Thursday, May 21, 2009

Carl Quagliata's Tuscany

Carl Quagliata needs no introduction to area foodies. Best known for his top rated Ristorante Giovanni’s in Beachwood, on Wednesday he added to his longtime restaurant presence with the opening of Tuscany, in a lovely space within the Hamptons complex next to Beachwood Place.
I was among the guests invited for a trial run earlier in the week.
My friend and I were seated in a bright atrium area next to a garden-framed courtyard where outdoor dining will take place in warmer weather.
A beaming Quagliata welcomed guests before retreating to the kitchen to cook. He’s always been a wonderful cook and truly enjoys his stints in the kitchen. Now 72, Quagliata astounds his contemporaries with his energy, beginning most days early at his Mayfield Road bakery Casa Dolce and ending them at Giovanni’s
Back in the ‘70s, the Eastlake native became one of the first fine dining restaurateurs in Lake County with his TreScalini Room at the White House, in a one-time mansion in Mentor. Long ago leveled to make room for shopping, I recall it being located near where Staples Plaza is today. But I could be wrong.
Tuscany’s two-page menu will certainly be embraced for abounding in choices. I could easily have contented myself with a meal assembled from among its 14 antipasto choices. They ranged from a compote take on the classic prosciutto and melon to crusted arancini - rice fritters with veal, beef and an imported cheese stuffing. That’s his mother’s recipe, a version of a street food in Sicily.
I was also tempted by the array of salads and thin-crust appetizer pizzas, but I knew my meal would quickly be over had I gone that direction.
Although my mouth waters with the thought of good food, I just don’t have the capacity for large meals any more.
Since Quagliata is proudest of his homemade pastas, I ordered the ravioli magro, a delightful dish of light as air pasta pillows filled with ricotta, spinach and asiago cheese and napped with a sage butter sauce. I wavered, however, when I saw the angle hair pasta with rock shrimp fennel cream and a tomato sauce. I love fennel, especially in spring, and I don’t see it on menus very often. I’m thinking that fennel might be a great subject for a future story for the Wednesday Food section.
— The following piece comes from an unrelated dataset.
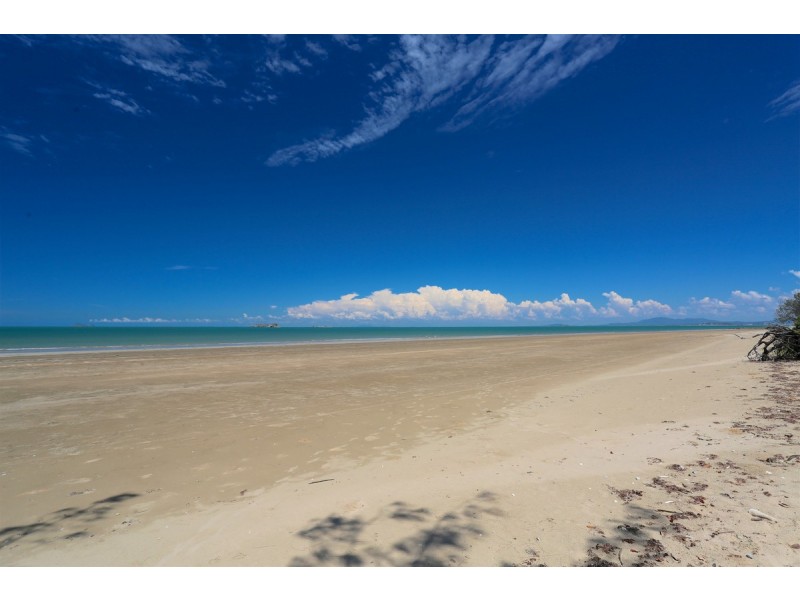 59 Reef Street, Zilzie QLD 4710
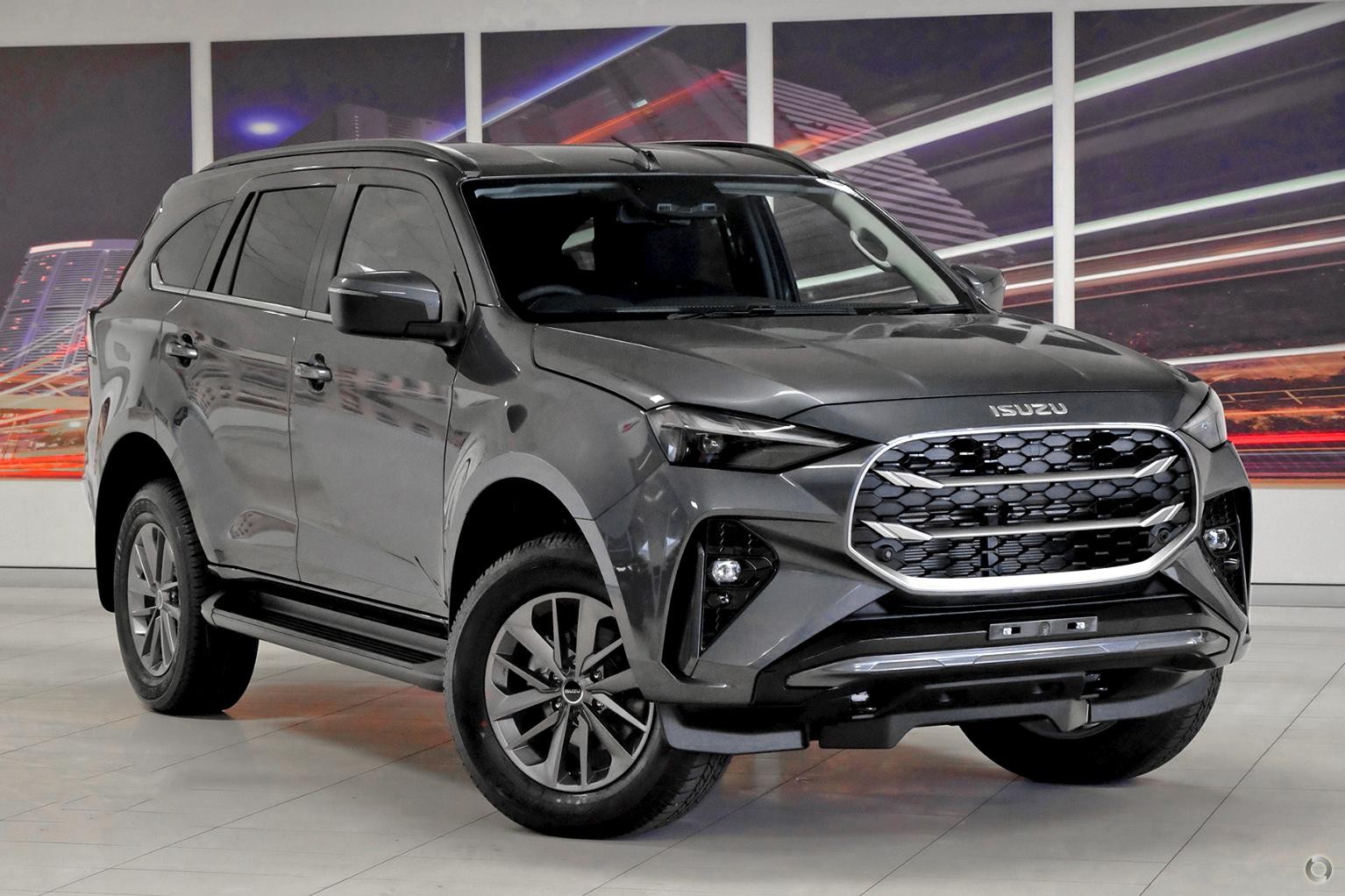 Isuzu Mu-x image 1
My friend ordered the tagliatell al pesto — flat noodles napped with fresh basil, sundried tomatoes, toasted pine nuts and Romano cheese. They were among another dozen pasta dishes all priced at around $12. One taste and we quickly understood why Carl is so proud of this part of the menu.
I’ve known for years that Carl’s personal preference as a cook runs to roasted and braised dishes, so the rotisserie items that conclude the menu are sure to garner their own following. They range from a roasted fresh fish of the day to roasted and sliced beef and roasted chicken. My eye latched onto the horseradish crusted tilapia with roasted potatoes, white bean caponata and a citrus buerre blanc. Maybe next time — and there certainly will be a next time. Tuscany is sure to become a great lunch or dinner standout among the mostly chain restaurants around Beachwood Place and neighboring Legacy Village.
Tuscany is open from 11:30 to 3:30 for lunch and from 3:30 to 9 p.m. for dinner. To find it, exit I-271 at Brainard, hang a right on Cedar and turn left off Cedar Road into the first driveway for Beachwood Place. Stay left and you’ll turn into the gated community that is The Hamptons. Tuscany is straight ahead in the single story building at 27040 Cedar Road.